Understanding the nature of the global economy remains an important and interesting topic of discussion for both policymakers and researchers. This column presents a summary of two recent evaluations of aspects of the open economy. The author summarises work concerning global currencies and trading networks, offering insights into how the research agenda on each area may evolve over the coming years. 

Economists have long noted the presence of one or more ‘global currencies’ in the international monetary system. This where, in the process of a trade or financial transfer, two parties will transact using a third currency (typically, the US dollar), rather than either of their own. Originally, this was focussed more on the international finance side, starting with debates on exorbitant privilege and the ‘Triffin Dilemma’. Today, there is much research focusing on the idea of ‘original sin’ in terms of currency choice for borrowing. 

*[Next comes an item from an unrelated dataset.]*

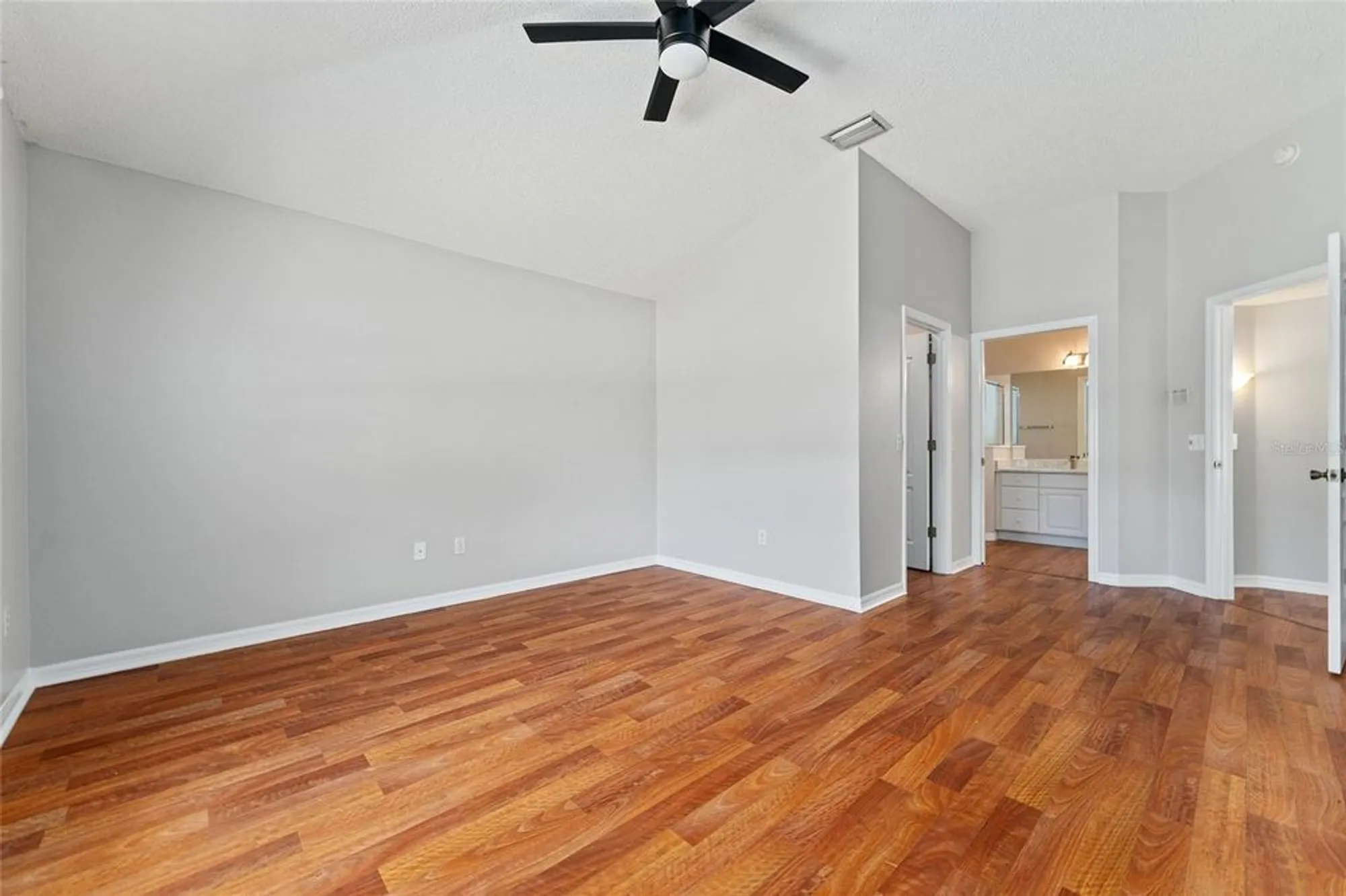 Property Slideshow image 29 of 50 | 2461 merida cir, The Villages, FL, 32162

More recently, economists have started to pay more attention to the potential use and effects of global currencies in trade. As Gopinath (2016) and others have documented, the US dollar has an oversized role in trade invoicing.

A common view with existing research is that this dollar-invoicing dampens the textbook effects of an ‘exchange rate change’ on trade volumes. The logic is that if a price is fixed in dollars, a depreciation in the exporter’s currency makes no difference to the final price paid by the importer.  So, the greater the use of dollar invoicing, the lower the trade elasticity. But in my recent Flemming lecture (Tenreyo 2019), I take a different view, highlighting three channels by which depreciations still benefit exporters.

First, just because we observe a price is set in dollars, it doesn’t mean the price is ‘sticky’ in US dollars. It may merely reflect the ease of posting prices and/or settling transactions in a widely used currency. Exporters could still ‘pass through’ the depreciation in their exchange rate to the price they quote in dollars.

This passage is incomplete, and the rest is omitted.